002 What Hot Models Look Like – For the Love of Data

Summary:

Hot models…data models that is. A survey of many of the most popular data modeling approaches in the news today. Third Normal Form, Anchor Modeling, Data Vault, Data Lakes, Data Swamps. What do they do well, what do they do badly, and which is the one true data model to rule them all? (Hint: it depends, as usual.)

Third Normal Form (3NF) (a.k.a. Naomi Sims)

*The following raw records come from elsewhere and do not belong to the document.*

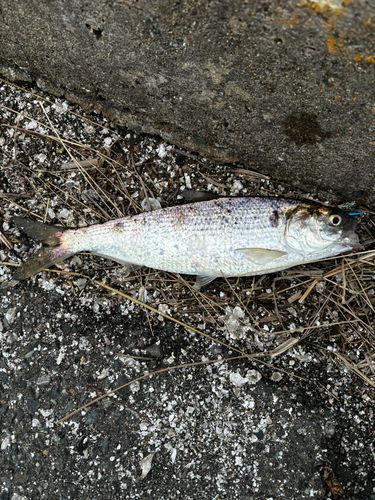 コノシロの釣果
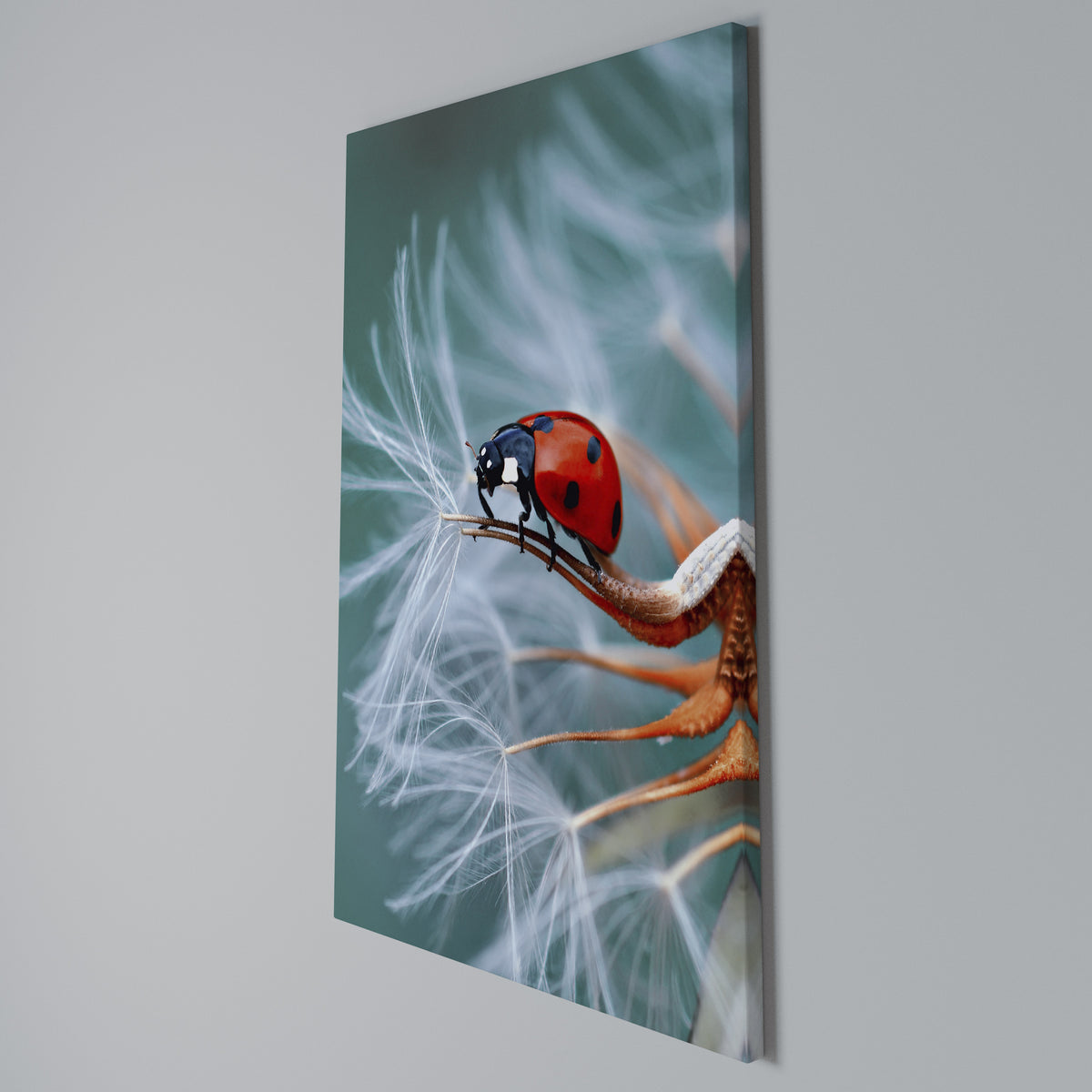 LADYBUG BALANCE Pionowy obraz na płótnie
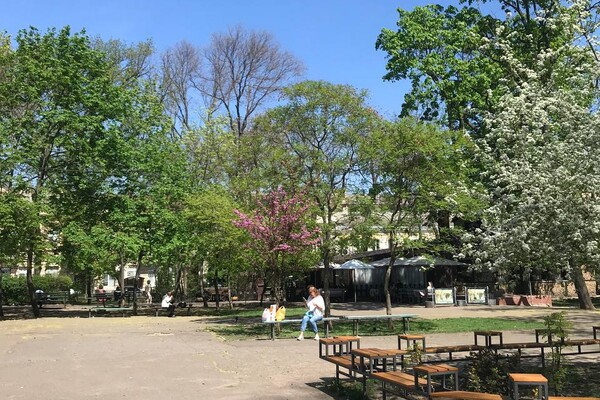 В Одесі цвіте Юдине дерево: де помилуватися фото 16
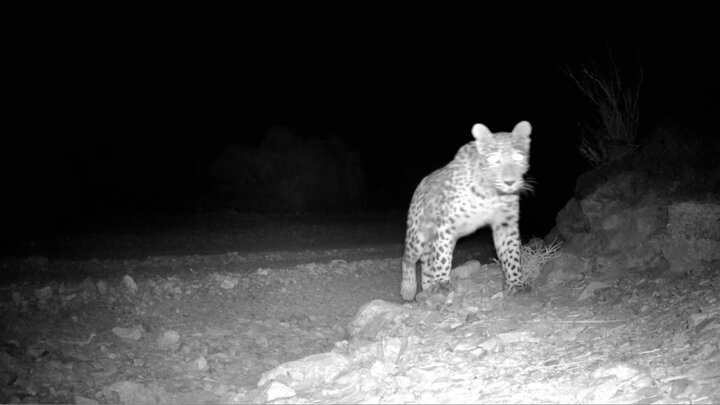 لحظه کمنظیر حضور پلنگ ایرانی در پارک ملی صیدوا مهدیشهر ثبت شد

History: E.F. Codd defined 3NF in 1971 while working at IBM.

Basic Concept:

“The Key, the Whole Key, and Nothing but the Key” -Bill Kent

The gold standard for purist relational database design. If a table has the following characteristics:

1NF – a) Values in a particular field must be atomic and b) a single row cannot have repeating groups of attributes
2NF – in addition to being in 1NF, all non-key attributes of the table depend on the primary key
There is no transitive functional dependency

Pros:

A battle-tested, well-understood modeling approach that is extremely useful for transactional (OLTP) applications
Easy to insert, update, delete data because of referential integrity
Avoids redundancy, requiring less space and less points of contact for data changes
Many software tools exist to automatically create, reverse engineer, and analyze databases according to 3NF
Writing to a 3NF DB is very efficient

Cons:

Reading from a DB in 3NF is not as efficient
Not as easily accessed by end-users because of the increased number of joins
More difficult to produce analytics (trends, period-to-date aggregations, etc.)
Many times even transactional systems are slightly de-normalized from 3NF for performance or audit-ability
Some people feel that 3NF is no longer as appropriate in an era of cheap storage, incredibly fast computing, and APIs

Source: ewebarchitecture.com

(Sources:https://en.wikipedia.org/wiki/Third_normal_form; http://www.1keydata.com/database-normalization/third-normal-form-3nf.php; http://www.island-data.com/downloads/papers/normalization.html; http://www.johndcook.com/blog/2012/11/21/rise-and-fall-of-the-third-normal-form/)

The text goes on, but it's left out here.